Recently I've been seeing more and more answers starting with "from my experience" or which contain "I've been in a similar situation before/I've been in your shoes" and then don't say more about said experience.
From this meta post, we can find an explanation as to why it's not enough to say one faced similar issues in the past:
In my experience you should do X...
[...] I don't think this should be sufficient for backing up an answer. It's slightly better than nothing, at least it hints at the idea that the answerer may have done the thing before, but actually explaining and providing an example of what they did and how it worked would be better.
"In my experience" is pretty much another claim that needs some support.
I know it may be hard to answer questions on IPS as we require personal experience and/or literature citations to back answers up. It may be difficult to talk about said similar situation: maybe you think you'd be "stating the obvious" or you don't want to go into the details of your personal life online. But as said in the above mentioned post,
[...] When you provide a subjective solution you believe will resolve the situation, we expect that you cite analogous experience of how it has worked out in actual practice — your own experience or someone else's.
Keep in mind any cultural differences when doing so.
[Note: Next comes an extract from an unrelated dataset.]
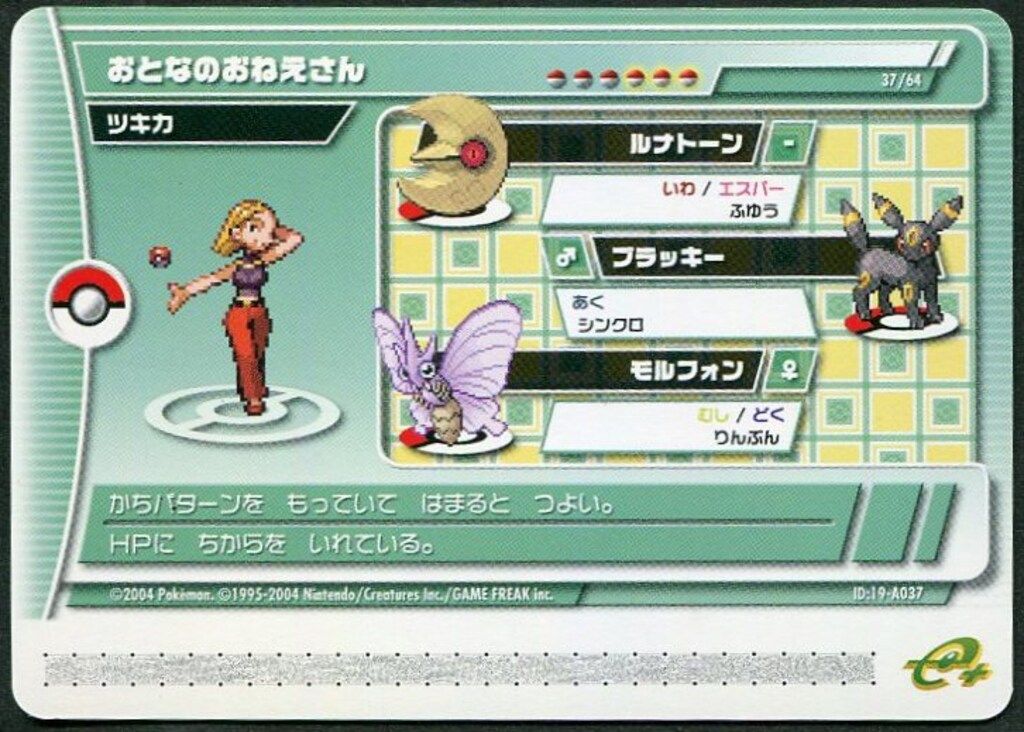 ポケモンバトルカードe+ エメラルド オヅヌ m43936867921_1.jpg?1724552947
Describing how it worked out is more preferable to describing how well it worked out: “these things happened, the people I was interacting with felt this way about it” is preferable to “it worked well”, but either is preferable to no citation of it actually being tried at all.
The experience does not have to be of the exact same situation, although that would be ideal. Experience of similar or analogous situations is also relevant and helpful, at least to the extent they are similar/analogous enough to be relevant.
(Emphases mine)
There's a lot of information in both the posts I linked but I think the most important things to remember when answering are this:
"in my experience" / "I've been in your shoes" does not count as backup. It doesn't say much about what is said experience and we don't have any proof it is the same/similar enough to what the OP is facing right now.
said backup does not need to have happened to you: maybe you witnessed someone trying what you're suggesting and you've seen how it worked. That's okay too.
please remember that there's no such thing as "stating the obvious" when it comes to interpersonal skills. People on this site come from very different cultural backgrounds and/or neural constructions, and chances are that what is commonly understood in your context is not in others.
In my experience (see? that's the bad thing to do! :p), when you think you know how to address a situation you'll find a relevant, similar event to compare to. If you can't think of any, then maybe you're less familiar with this topic than you thought you were. And that's okay. We all have different sets of expertise. We can't know everything about interpersonal interactions, just like we can't know everything about every programming language this Earth has ever known.
If something is unclear for you about our backup policy you may drop by chat and ask our regular users, and the mods are of course here to answer your questions too.